Confusion Matrix?

Docminus · November 14, 2014, 12:39pm

Anyone know what to use for making a confusion matrix with existing data? I think I saw something in connection with some of the machine learning nodes, but then it comes from the models. I simply want to compare measured data with elsewhere predicted data (class model).

http://en.wikipedia.org/wiki/Confusion_matrix

Not an expert with statistics and math, usually know what I need but not always how to get there (manually in excel works but sucks) - sorry if ask something obvious.

richards99 · November 14, 2014, 1:08pm

Hi,

You simply need a measured column and a predicted column in which the data is categorical/class data (i.e. Active or Inactive), and not numerical/regression data (i.e. 34 or 1351). If your data is in a numerical/regression format then bin the data first with one of the binning columns.

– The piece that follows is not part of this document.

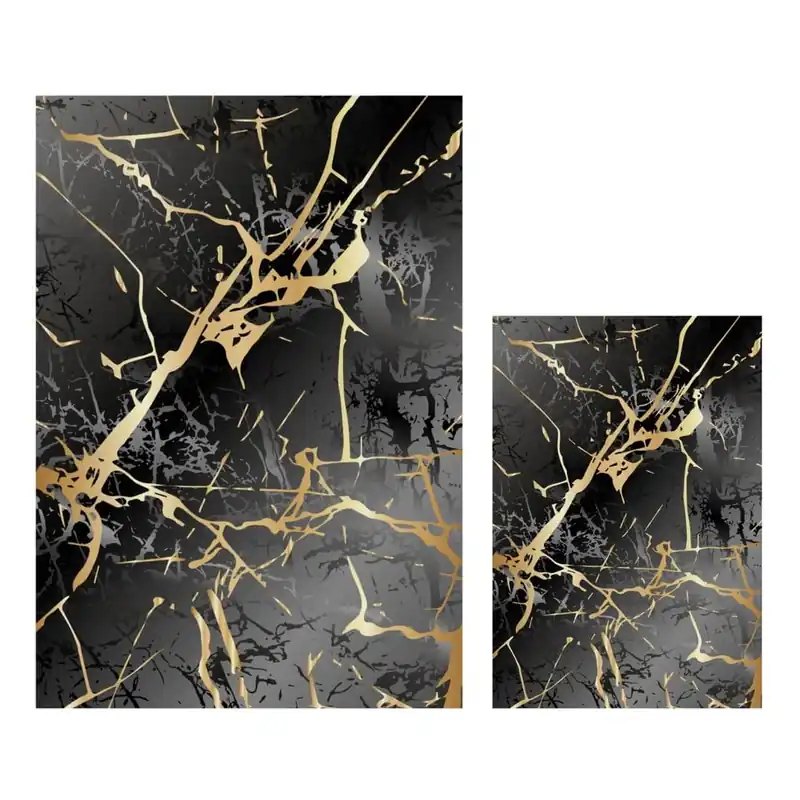 Łatwy zwrot Czarne/w kolorze złota dywaniki łazienkowe zestaw 2 szt. 60x100 cm Cracks – Mila Home Bonami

Thats all you need, so if you have two classes of active and inactive, you will then have a confusion matrix where it shows you predicted active and predicted inactive vs the measured active and measured inactive.

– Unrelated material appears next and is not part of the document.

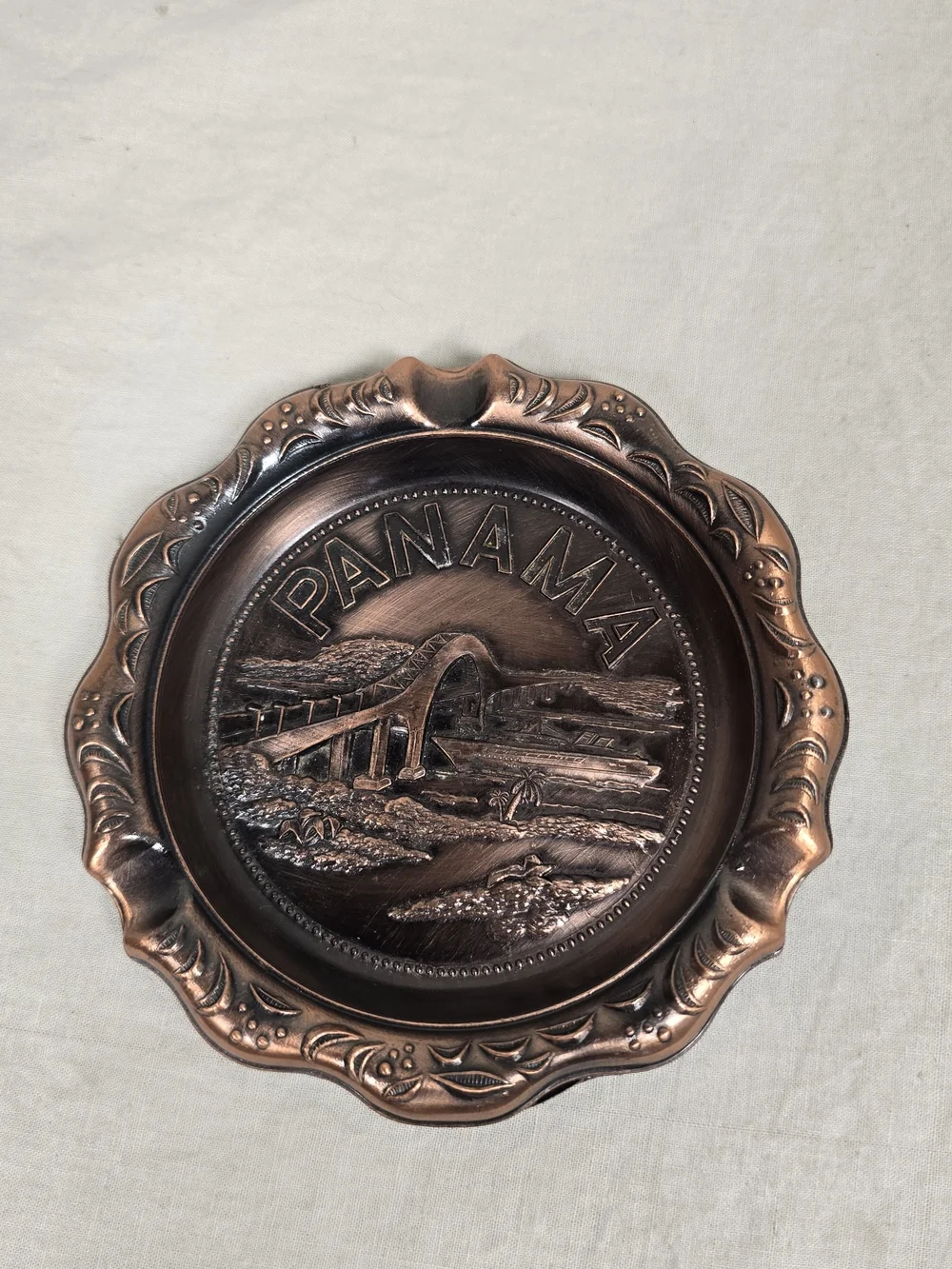 Vintage Panama Souvenir Ashtray Copper Tone Mid Century Canal Bridge Ship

Values which fall in to this p.inactive vs m.inactive and p.active vs m.active are correctly predicted datapoints, values falling into the p.inactive vs m.active are false negatives, whilst those values falling into the p.active vs m.inactive are false positives. By comparing correctly predicted to incorrectly predicted you will get a percentage accuracy. For a 2 class prediction like I just described, total random guessing will give 50% accuracy, so of course you will be hoping for significantly higher than that.

Simon.

Docminus · November 14, 2014, 2:53pm

Thanks. For a 2-class model that seems pretty straightforward, even for me and doable in excel.

But for a 3-class model it doesn't seem like that, therefore I wondered if a Knime node or workflow could do the work.

richards99 · November 14, 2014, 2:55pm

It should still work with a 3-class model too. To give a 3x3 cell matrix. i.e. with classes of Very Active, Active, Inactive. Again, it can be setup into 3 bins with the Binner nodes.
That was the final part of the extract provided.